Au cours de cette période, Alain Berset a eu un jour des mots qui sont rapidement devenus le symbole de sa philosophie et une sorte de slogan rassembleur pour les citoyens suisses qui devaient vivre des mesures de déconfinement. Il a dit : « Aussi vite que possible, aussi lentement que nécessaire. »

« Je ne n’ai jamais pensé que cette phrase percuterait pareillement, dit Alain Berset. Je crois qu’elle a dû toucher une réalité du temps. »

Quelques jours après cette déclaration, une agence de communication a fait imprimer cette phrase sur des t-shirts qui se sont vendus comme des petits pains chauds. Les recettes de la vente ont été remises à l’organisme caritatif La chaîne du bonheur.
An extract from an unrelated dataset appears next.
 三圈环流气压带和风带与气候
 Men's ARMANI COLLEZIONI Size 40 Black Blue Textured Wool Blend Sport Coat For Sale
Avant de s’envoler pour le Canada, Alain Berset a participé au Grand soir, une émission de radio diffusée sur la Radio télévision suisse. J’y ai découvert un homme chaleureux et ouvert qui a réuni autour de lui des gens et des artistes qu’il apprécie, dont son ancien professeur de piano.

Eh oui, le président de la Suisse est aussi pianiste. D’ailleurs, quand l’animateur lui a demandé ce qu’il comptait faire après la fin de son mandat, il a dit qu’il souhaitait renouer avec la musique.

Comme quoi il y a une vie après la politique.